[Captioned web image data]
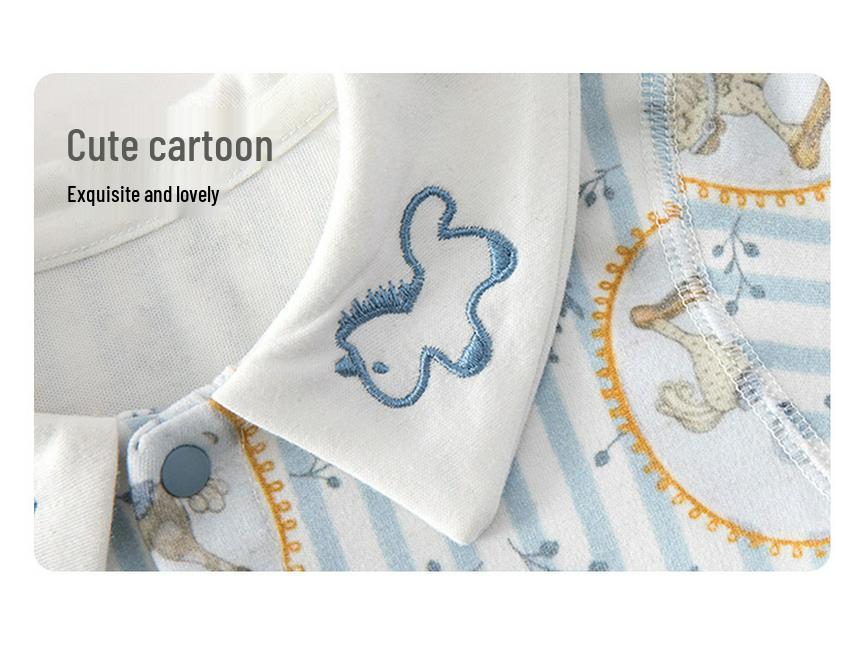 Tagless Unisex Baby Bodysuit Pajamas - Spring & Autumn Style for Outdoor Crawling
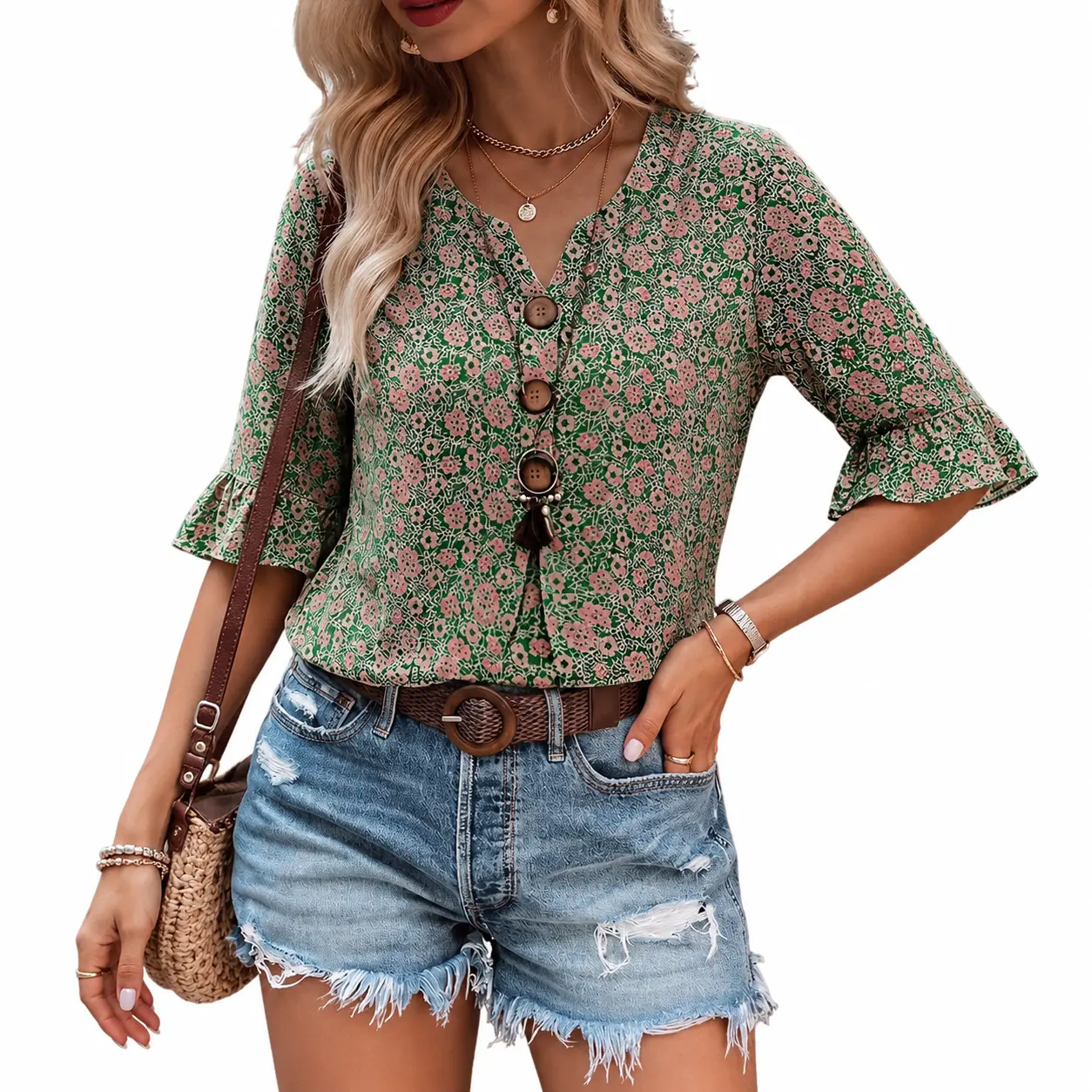 Flamingals Floral Print Button Front Ruffle Cuff Notched Neck Blouse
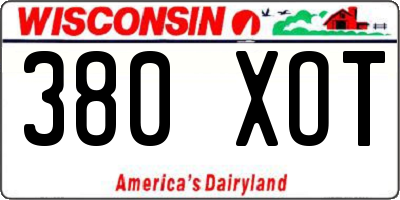 WI license plate 380XOT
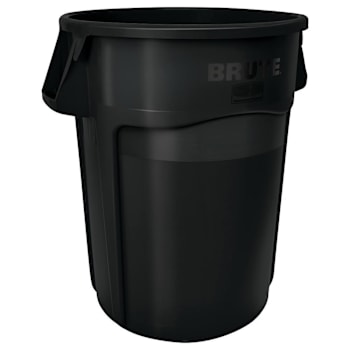 Image for Rubbermaid Commercial BRUTE 55 Gal. Round Trash Can, Vented, Black, 3-Pack from HD Supply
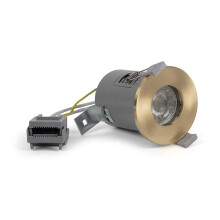 Brushed Brass GU10 LED Downlights for Ceiling — IP65 Fire Rated Bathroom Lights for Ceiling | Lieber Recessed Ceiling Spotlights for Kitchen, Bedroo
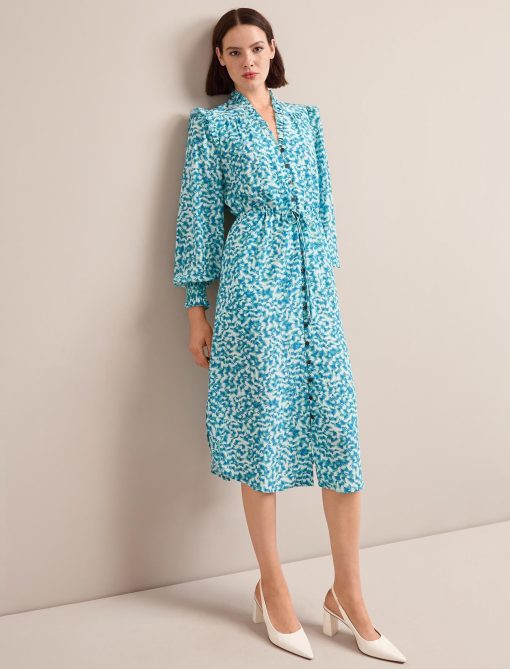 Stella Silk Midi Dress - Blue Green Feather Print：圖片 3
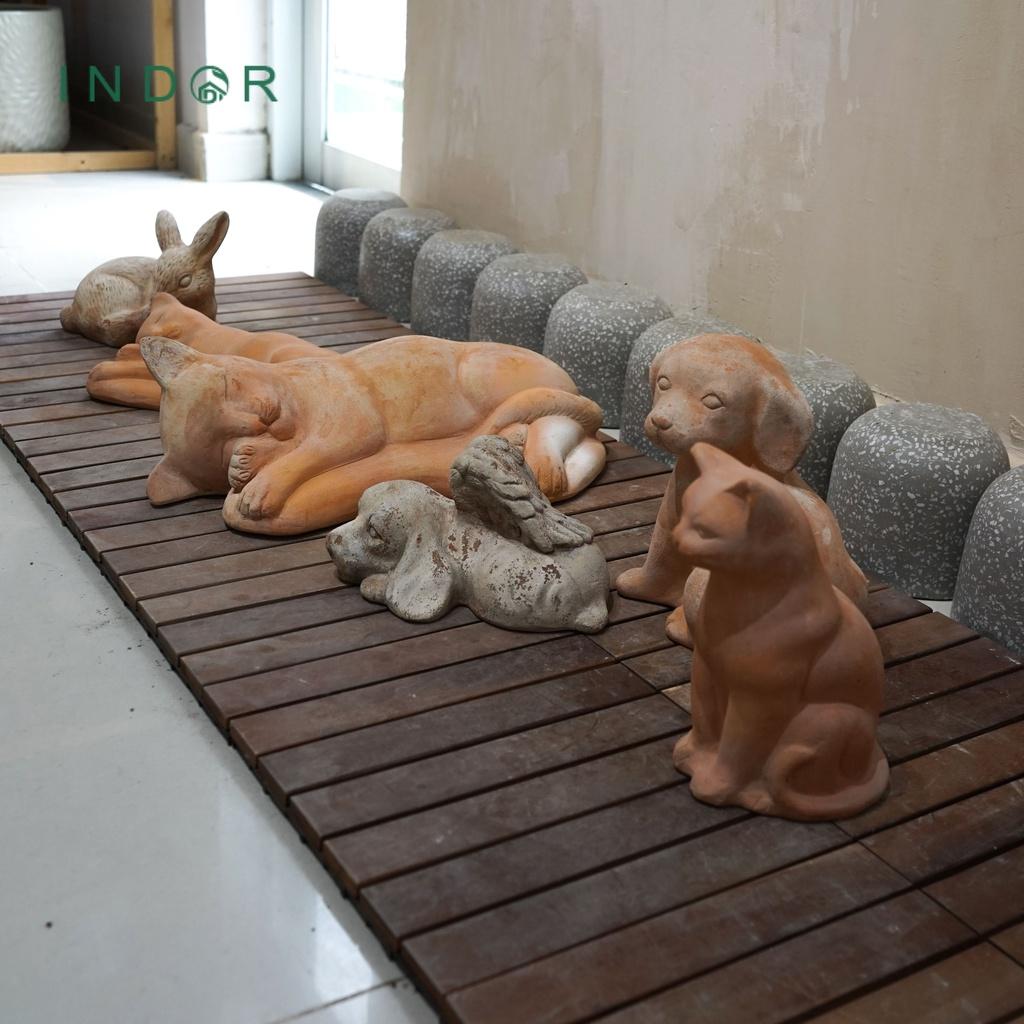 Tượng mèo lười dáng nằm chất liệu đất nung terracotta size M - XL Tượng decor trang trí nội ngoại thất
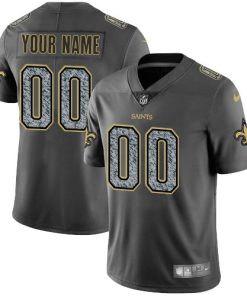 Custom New Orleans Saints Gray Static Vapor Untouchable Limited Jersey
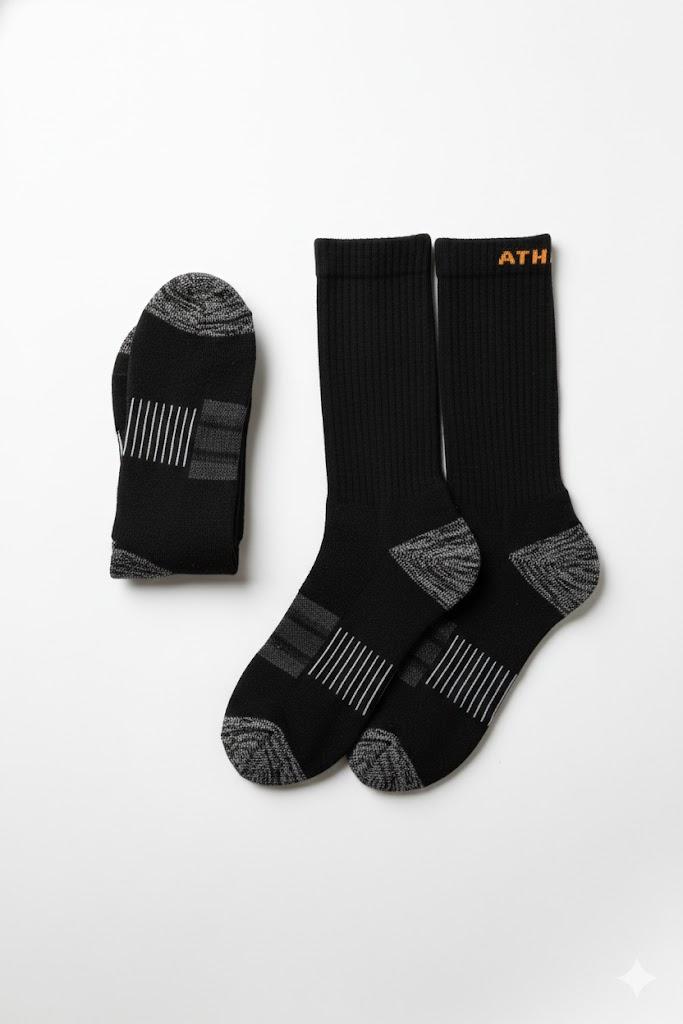 Upgrade your athletic gear with these high-performance crew socks, engineered for durability and ultimate foot support, 2 Pairs Set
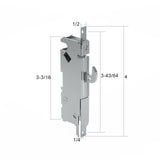 3-11/16" Stainless Steel Sliding Patio Glass Door Mortise Lock 45-Degree ROUND Extended Reach (16-397ss)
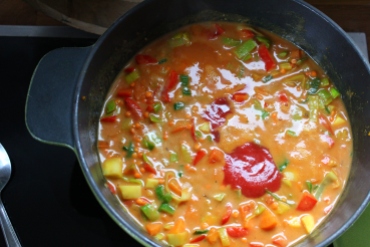 Linsensuppe mit roten Linsen, Kokosmilch, Tomatenpassata ud Curry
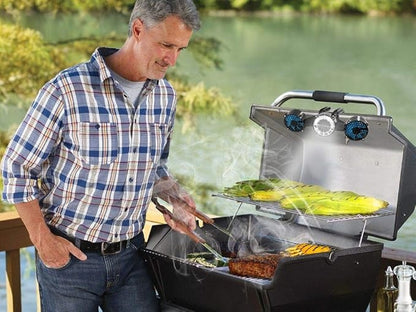 Technical Pro OFBBQ Barbecue Grill LIght and Fan Equipped With 12 LED Bulbs And 2 Individually Rotating Fans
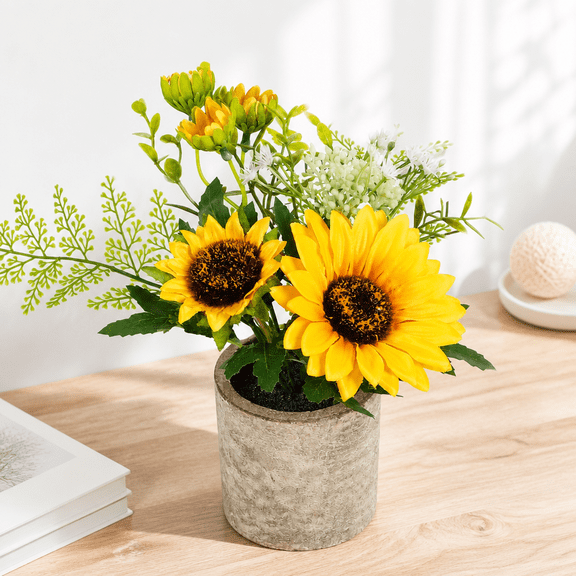 1PCS Sunflower Artificial Flowers Pot, Sunflower Decor, Yellow Fake Flower in Pots, for Home Bathroom Kitchen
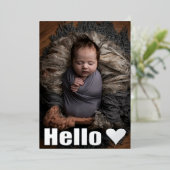 Real Silver Photo Collage Hello Baby Faire-part (Debout devant)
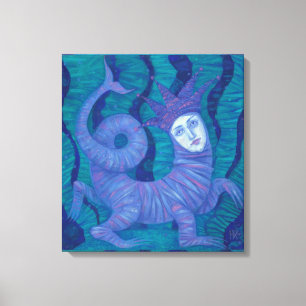 Melusine, Melusina, fantasie, surrealistisch, wate Canvas Afdruk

[TASK TO COMPLETE]
Only the lines from the one containing "Real Silver Photo" through the last line of the data above, both included, belong in the reply, each restated exactly and without pictures.

[TASK OUTPUT]
 Real Silver Photo Collage Hello Baby Faire-part (Debout devant)
 Melusine, Melusina, fantasie, surrealistisch, wate Canvas Afdruk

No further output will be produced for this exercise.